16      La communication à Bayer Agriculture des actes signifiés et, le cas échéant, à signifier aux parties principales sera limitée à une version non confidentielle, conformément à l’article 144, paragraphes 5 et 7, du règlement de procédure. Une décision sur le bien-fondé de la demande de confidentialité sera, le cas échéant, prise ultérieurement au vu des objections qui pourraient être présentées à ce sujet.

Par ces motifs,

LE PRÉSIDENT DE LA QUATRIÈME CHAMBRE DU TRIBUNAL

ordonne :

1)      Bayer Agriculture BV est admise à intervenir dans l’affaire T578/24, au soutien des conclusions de la Commission européenne.

2)      Un délai sera fixé à Deutsche Umwelthilfe e.V. et Aurelia Stiftung pour déposer une demande de traitement confidentiel et produire, aux fins de la communication à Bayer Agriculture, une version non confidentielle des actes de procédure en question.

3)      Le greffier communiquera à Bayer Agriculture une version non confidentielle de chaque acte de procédure signifié aux parties principales.

4)      Un délai sera fixé à Bayer Agriculture pour présenter ses objections éventuelles sur la demande de traitement confidentiel. La décision sur le bien-fondé de cette demande est réservée.

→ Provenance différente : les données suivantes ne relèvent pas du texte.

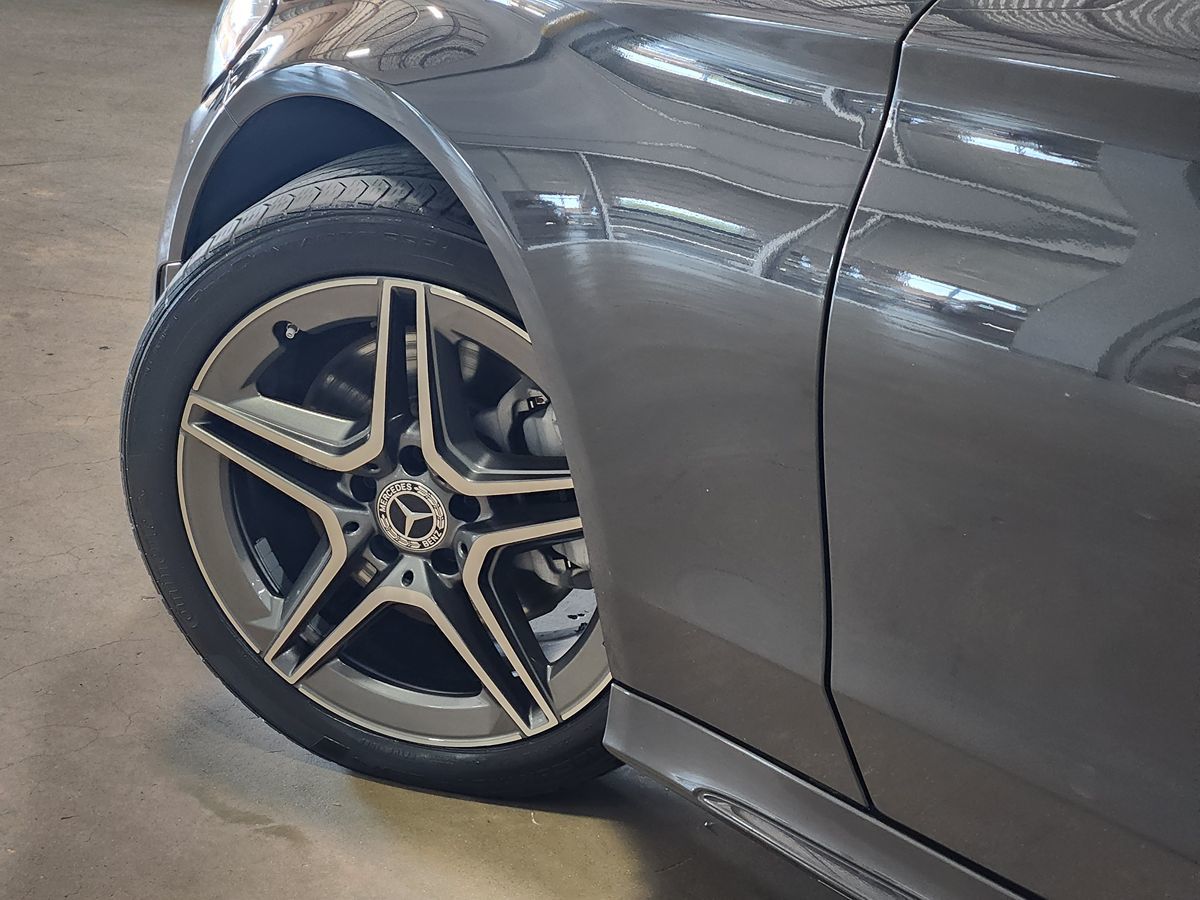 Mercedes-Benz C300 photo 23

5)      Un délai sera également fixé à Bayer Agriculture pour présenter un mémoire en intervention, sans préjudice de la possibilité de le compléter le cas échéant ultérieurement, à la suite d’une décision sur le bien-fondé de la demande de traitement confidentiel.

6)      Les dépens sont réservés.

Fait à Luxembourg, le 15 mai 2025.

Le greffier

 

Le président

V. Di Bucci

 

R. da Silva Passos


*      Langue de procédure : l’allemand.